The Weekly Reflektion 27/2023
Investigations into incidents and accidents are essential to find direct and underlying causes and to initiate measures to prevent recurrence and improve performance. The failure of processes and systems is demonstrated by the fact that an incident has occurred, and the incident and its circumstances give pointers on where to look for improvements. Just as important is looking for measures to improve where there is no incident to guide you. Sometimes it feels like looking for a needle in a haystack.
What methods do you use to find out how to improve safety?
The term ‘needle in a haystack’ is used to describe something that is difficult to find. Needles were originally made of wood or bone and would have been almost indistinguishable fromthe hay strands in the stack. The origin of this term literally, may well be an old farmer’s tale. The saying was used in the tale of ‘One Thousand and One Nights’ in 900 CE and probably was taken from the Ancient Middle East.
Jim Moran, an American eccentric, put a lot of effort into disproving popular fallacies. He unloaded 50 tons of hay in Washington and had someone bury a needle in it. After 82 hours and 35 minutes he found it. There are other examples of Morans’ attempts to disprove established sayings. He sold fridges to the Inuit in 1938, and the following year took a bull into a New York china shop. Moran was not the only one that liked to challenge popular sayings. Timothy Dexter, an American businessman, was once challenged jokingly by friends to ‘ship coals to Newcastle’ and he did so. When his ship arrived in Newcastle there was an ongoing miners strike,and he sold the load at great profit.
So, is finding improvements in your organisation when everything appears to be OK, just like trying to find a needle in a haystack? Do the management need to spend a significant amount of time searching through the hay, as Jim Moran did? Is there a way to achieve an acceptable balance between time spent and improvements achieved?
With just a little knowledge of what you are looking for then great strides can be made in a limited time frame.
Modern needles are manufactured from high carbon steel wire and are nickel- or 18K gold-plated for corrosion resistance. The use of a magnet and/or metal detector should speed up the search process significantly. For needles made of other materials the material characteristics need to be studied to find the best way to distinguish these from the hay in the haystack. Knowledge and preparation are the prerequisites to an effective search process.
What knowledge and preparation are required when you try to find improvements in your organisation?

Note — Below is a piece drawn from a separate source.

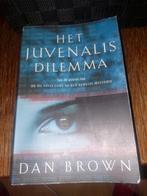 Dan Brown - Het Juvenalis dilemma, Gelezen, Ophalen of Verzenden, Nederland, Dan Brown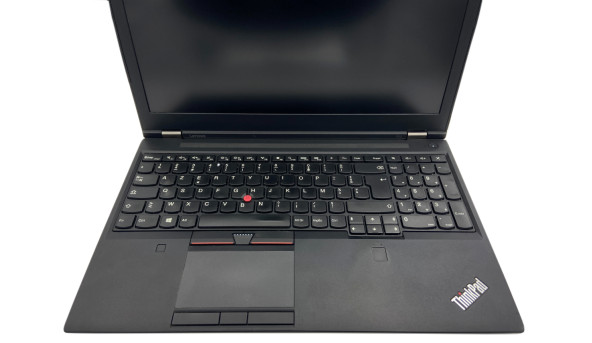 Ноутбук Lenovo Thinkpad P50 Core I7-6820HQ 16 RAM 256 SSD NVIDIA Quadro M1000M [IPS 15.6 FullHD] - ноутбук Б/В - 495281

What characteristics will separate the areas that will really make a difference from the areas that are unlikely to succeed? What should you do yourself and what should you use others for? Reflekt has several Reflektions that illustrate the importance of ‘outside eyes’ to give you an insight into your organisation that you may not get yourself.
In almost all the Major Accidents that we have studied there are needles that were never found and in some cases needles that were never looked for. The needles emerge during the investigation and seem so obvious with the benefit of hindsight. We do not have the luxury of Major Accidents to find our needles. We need to find them before people get hurt.